- [Data section]:
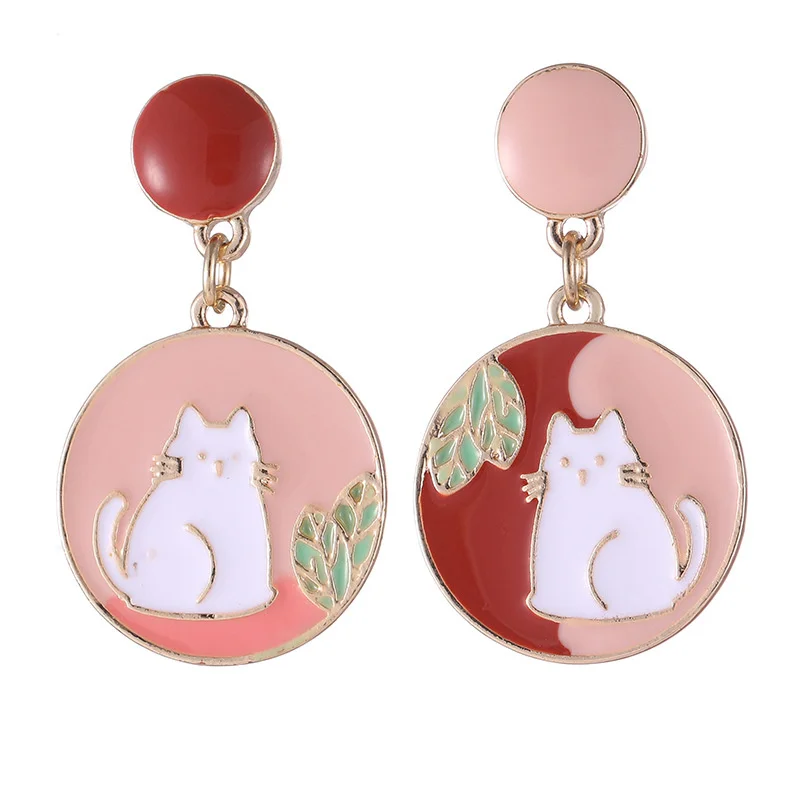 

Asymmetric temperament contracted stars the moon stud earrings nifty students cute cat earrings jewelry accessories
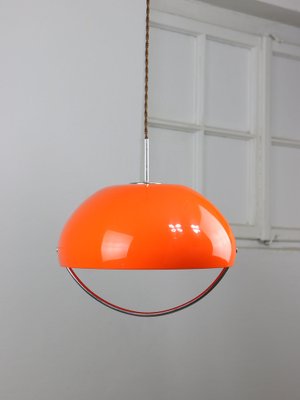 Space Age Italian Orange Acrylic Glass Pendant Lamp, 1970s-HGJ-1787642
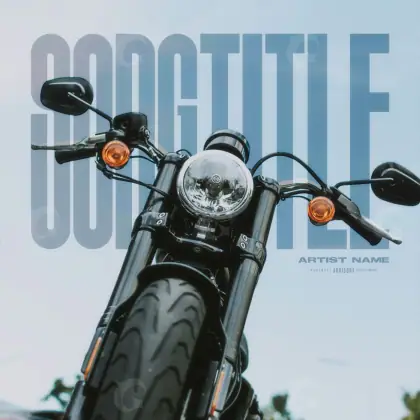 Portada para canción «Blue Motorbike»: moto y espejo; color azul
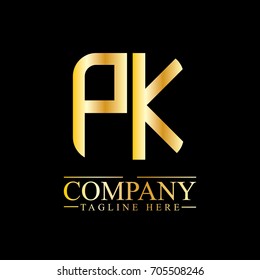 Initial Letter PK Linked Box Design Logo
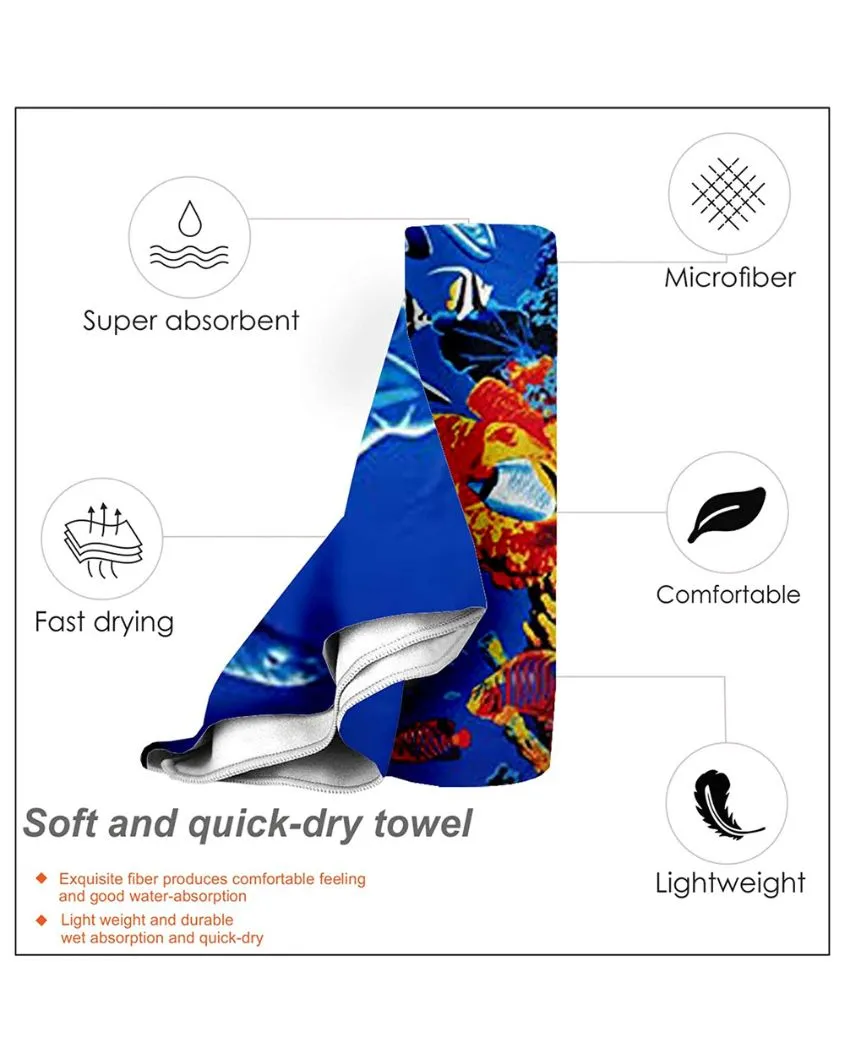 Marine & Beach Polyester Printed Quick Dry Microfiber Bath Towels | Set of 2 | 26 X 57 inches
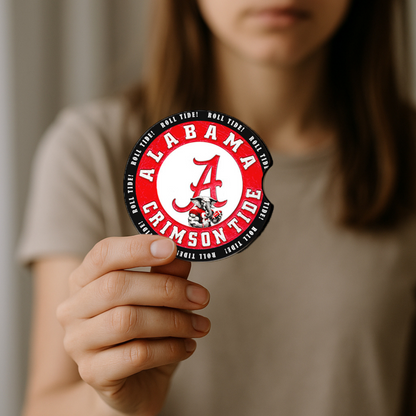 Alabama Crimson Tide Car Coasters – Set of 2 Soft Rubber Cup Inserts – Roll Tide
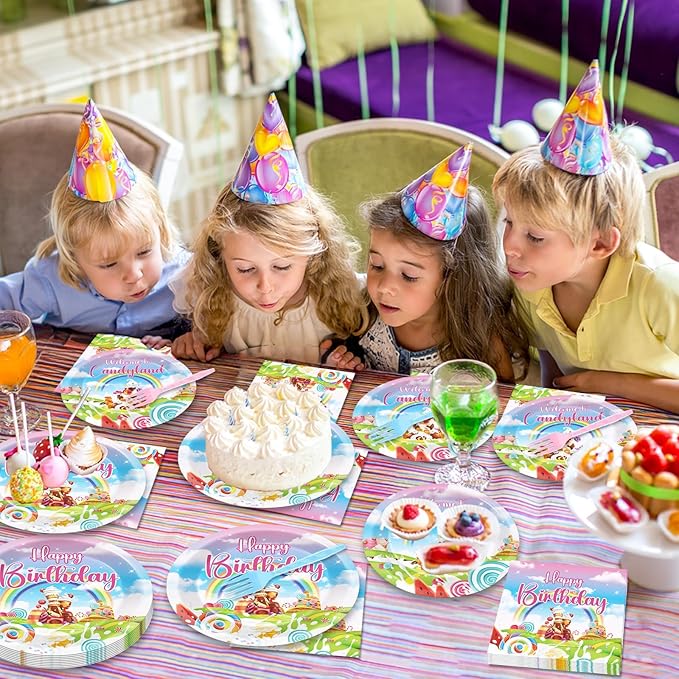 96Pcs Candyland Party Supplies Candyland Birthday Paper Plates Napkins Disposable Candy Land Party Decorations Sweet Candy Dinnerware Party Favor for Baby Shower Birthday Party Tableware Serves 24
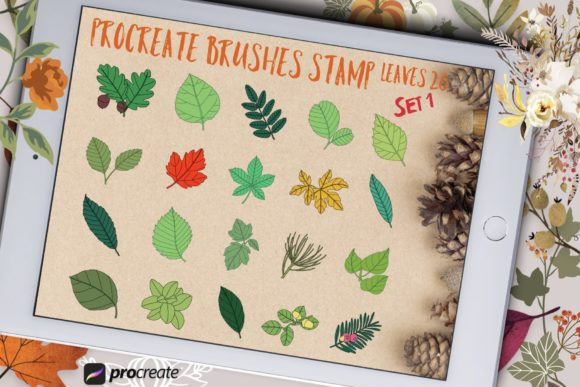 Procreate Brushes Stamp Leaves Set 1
--
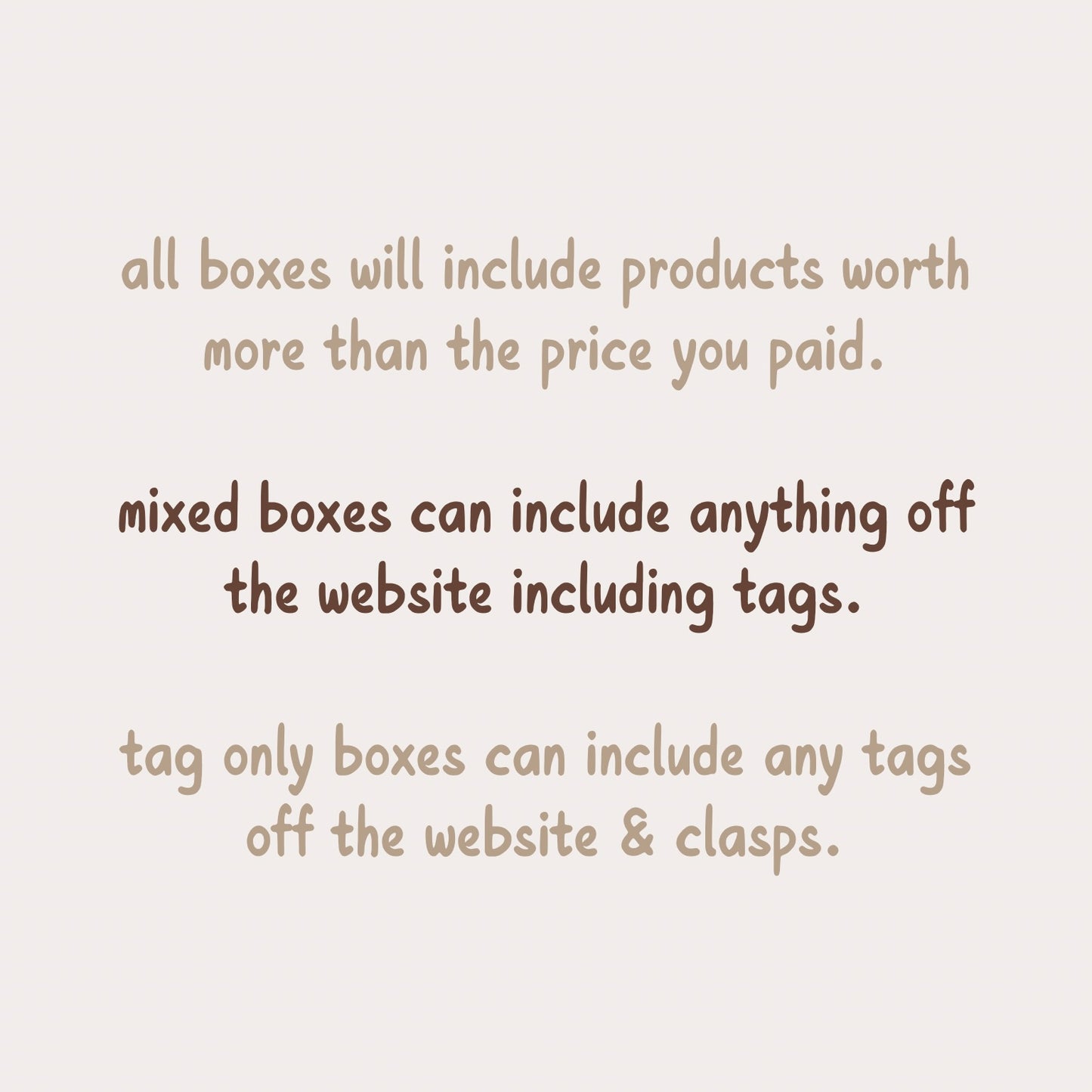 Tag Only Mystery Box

- [Exercise directions]: In the listing above, find the line with "Alabama Crimson Tide" and the line with "Procreate Brushes Stamp Leaves Set 1". Copy both of them and every line between, exactly, but not the pictures.

- [Task output]:
 Alabama Crimson Tide Car Coasters – Set of 2 Soft Rubber Cup Inserts – Roll Tide
 96Pcs Candyland Party Supplies Candyland Birthday Paper Plates Napkins Disposable Candy Land Party Decorations Sweet Candy Dinnerware Party Favor for Baby Shower Birthday Party Tableware Serves 24
 Procreate Brushes Stamp Leaves Set 1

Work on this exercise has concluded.